What is needed
Using the entries below, transcribe exactly the line containing "Para pejalan kaki" and each line that follows it to the end.

───── Source material ─────

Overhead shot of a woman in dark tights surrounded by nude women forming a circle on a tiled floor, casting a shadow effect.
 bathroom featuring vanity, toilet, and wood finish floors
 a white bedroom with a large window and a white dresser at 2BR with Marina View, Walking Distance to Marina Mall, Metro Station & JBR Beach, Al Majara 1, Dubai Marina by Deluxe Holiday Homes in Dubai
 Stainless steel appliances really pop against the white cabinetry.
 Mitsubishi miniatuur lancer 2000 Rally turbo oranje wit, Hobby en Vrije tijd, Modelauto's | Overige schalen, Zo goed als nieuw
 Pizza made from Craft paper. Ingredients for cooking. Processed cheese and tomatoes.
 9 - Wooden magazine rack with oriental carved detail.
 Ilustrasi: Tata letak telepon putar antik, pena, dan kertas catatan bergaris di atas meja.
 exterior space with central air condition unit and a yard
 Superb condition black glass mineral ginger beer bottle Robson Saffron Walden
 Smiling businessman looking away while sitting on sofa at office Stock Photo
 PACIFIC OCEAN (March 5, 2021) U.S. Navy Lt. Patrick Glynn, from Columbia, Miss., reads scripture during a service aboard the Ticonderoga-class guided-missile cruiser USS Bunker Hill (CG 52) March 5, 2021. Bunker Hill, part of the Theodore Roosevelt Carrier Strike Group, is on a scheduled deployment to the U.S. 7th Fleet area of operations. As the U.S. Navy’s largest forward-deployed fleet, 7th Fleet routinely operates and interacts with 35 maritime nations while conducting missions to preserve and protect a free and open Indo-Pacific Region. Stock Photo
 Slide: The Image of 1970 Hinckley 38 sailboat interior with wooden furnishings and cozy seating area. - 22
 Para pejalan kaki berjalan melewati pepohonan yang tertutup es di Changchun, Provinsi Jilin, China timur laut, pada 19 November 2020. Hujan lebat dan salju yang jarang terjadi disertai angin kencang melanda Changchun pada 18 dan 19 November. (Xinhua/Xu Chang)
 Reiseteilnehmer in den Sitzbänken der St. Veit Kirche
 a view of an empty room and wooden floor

─────

Answer space
 Para pejalan kaki berjalan melewati pepohonan yang tertutup es di Changchun, Provinsi Jilin, China timur laut, pada 19 November 2020. Hujan lebat dan salju yang jarang terjadi disertai angin kencang melanda Changchun pada 18 dan 19 November. (Xinhua/Xu Chang)
 Reiseteilnehmer in den Sitzbänken der St. Veit Kirche
 a view of an empty room and wooden floor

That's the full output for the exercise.